In 2023, Social Security recipients will most certainly experience something that no senior has seen in 41 years. The cost of living adjustment (COLA) that they are expected to get will result in the biggest benefit increase since the early 1970s.
This news is good for older Americans, but it isn’t as promising as it appears. To comprehend why, you must understand the cause of this change that will go into effect next year.
Retirees can expect a big change to their benefit in 2023
In 2023, retirees are expected to see a substantial boost in their monthly payments. According to the Senior Citizens League, future seniors could receive an 8.6 percent raise next year. This would take effect in January 2023. It implies that a retiree who receives the current average monthly payment of $1,657 this year will see their pay rise by $142.50 per month or $1,710 every year.
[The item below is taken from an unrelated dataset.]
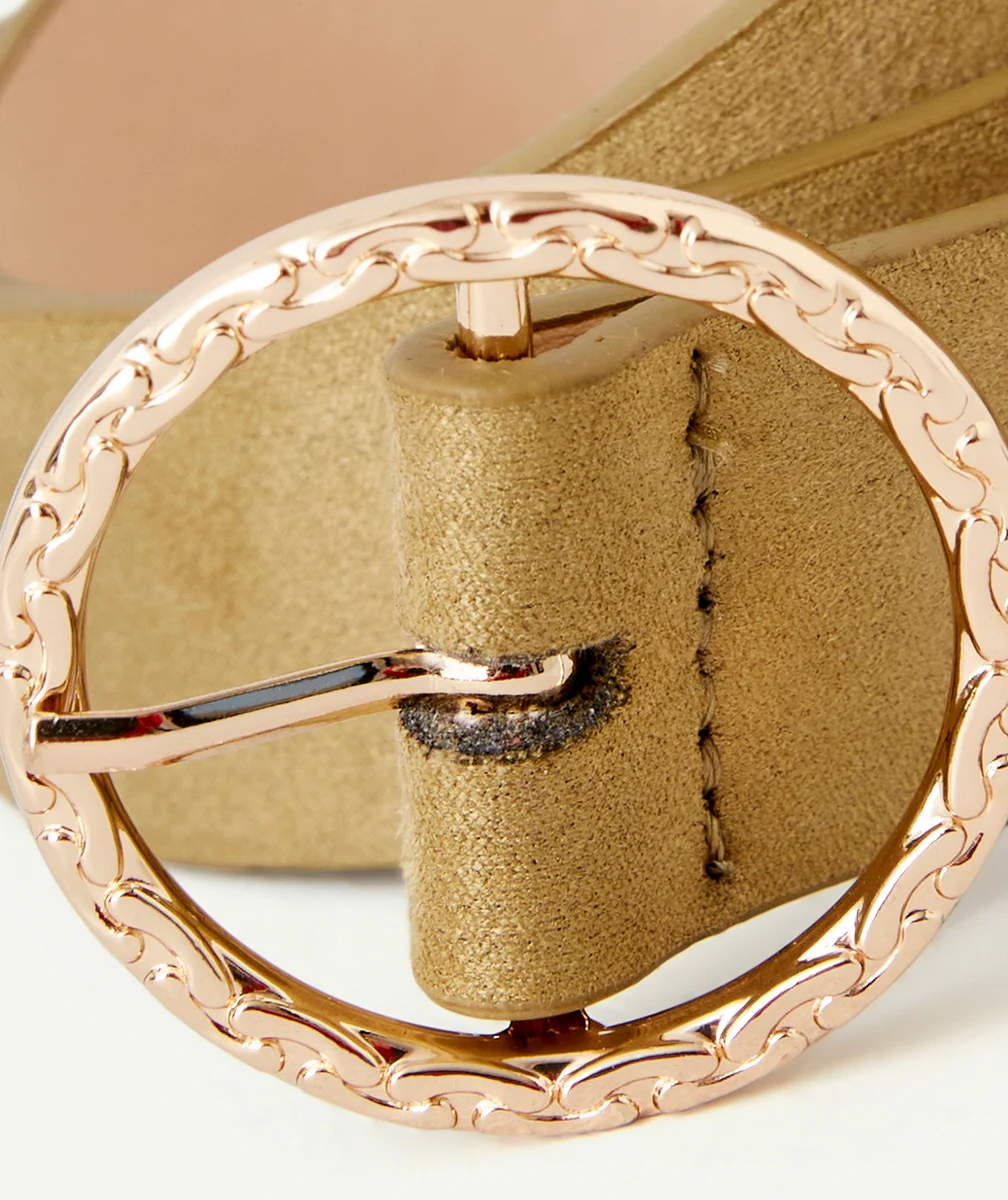 CEINTURE FILLE KAKI AVEC BOUCLE RONDE COULEUR DORÉE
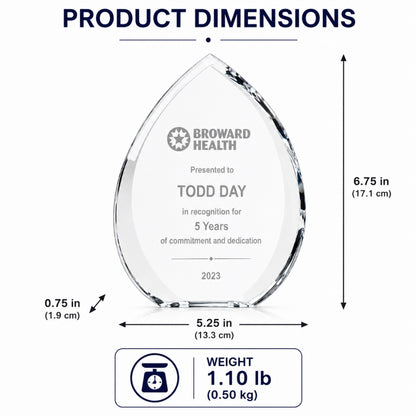 Eclipse Teardrop | Employee Service Crystal Award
According to the Social Security Board of Trustees, this would be the largest yearly boost to Social Security payments since 1981, when recipients benefited from an 11.2 percent raise. It also far outpaces recent raises for retirees, which ranged from 0% in 2016 to 5.9% in 2022.
Here’s why this change isn’t good news for seniors
It may appear like wonderful news that the largest benefit increases in more than four decades have been given to people over the age of 65. But the truth is that it’s not a good thing for either seniors or others.
COLAs are only used to adjust Social Security benefits for inflation. The COLA is set each year based on the consumer price index, which shows how prices have changed over time. In other words, it’s calculated using inflation, so a significant pay increase implies that goods and services costs have skyrocketed. So while retirees will receive higher payments on paper, they will not have any more buying power with their larger checks. For two key reasons, this is true.
The first major problem is that Social Security raises have not kept up with the true increase in spending among older Americans due to the way the COLA formula works. The gap is significant, with estimates suggesting that benefits have lost 40% of their purchasing power since 2000.
The second problem is that most American seniors rely on both Social Security and savings to get by. Inflation stings savers hard, as the purchasing power of senior investors’ funds will drop when prices rise. Because retirees should be invested conservatively to avoid excessive risk of loss, their returns may not be adequate enough when inflation is too high to keep up with the increase in price levels.
The Social Security Administration hasn’t yet released the increases for 2023, and because they’re based on data from the third quarter of 2018 (July to September), things may still change. But all signs point to rising prices in the months ahead, so seniors should start planning now for bigger Social Security checks that won’t cover inflation over time.